◆ RECORDS SUPPLIED ◆
┌────────
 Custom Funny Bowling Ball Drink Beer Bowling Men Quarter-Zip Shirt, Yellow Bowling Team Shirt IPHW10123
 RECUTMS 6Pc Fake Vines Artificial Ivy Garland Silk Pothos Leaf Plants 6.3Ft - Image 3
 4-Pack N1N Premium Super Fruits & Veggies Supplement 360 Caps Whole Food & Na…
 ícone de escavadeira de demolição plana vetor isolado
└────────
┌────────
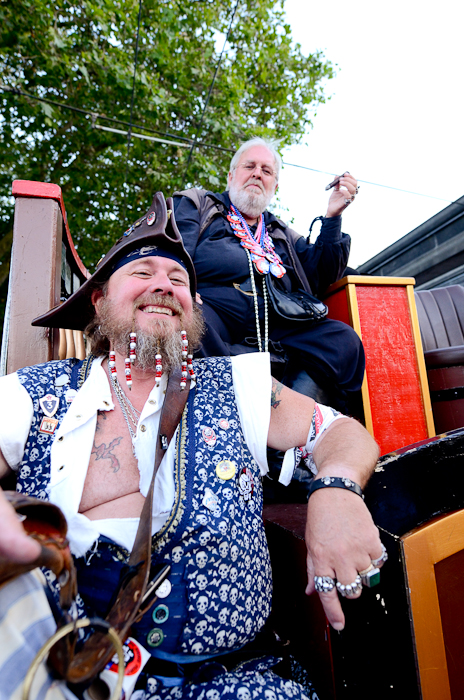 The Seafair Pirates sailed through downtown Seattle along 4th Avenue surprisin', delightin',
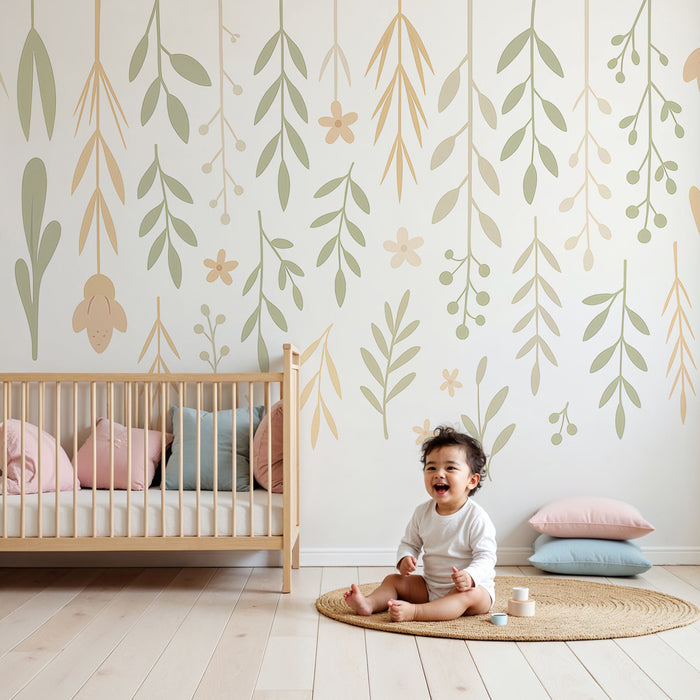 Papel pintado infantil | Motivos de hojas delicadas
└────────
Nothing but the lines from the one with "The Seafair Pirates" to the one with "Papel pintado infantil" above, both included, should be transcribed, exactly and without pictures.

 The Seafair Pirates sailed through downtown Seattle along 4th Avenue surprisin', delightin',
 Papel pintado infantil | Motivos de hojas delicadas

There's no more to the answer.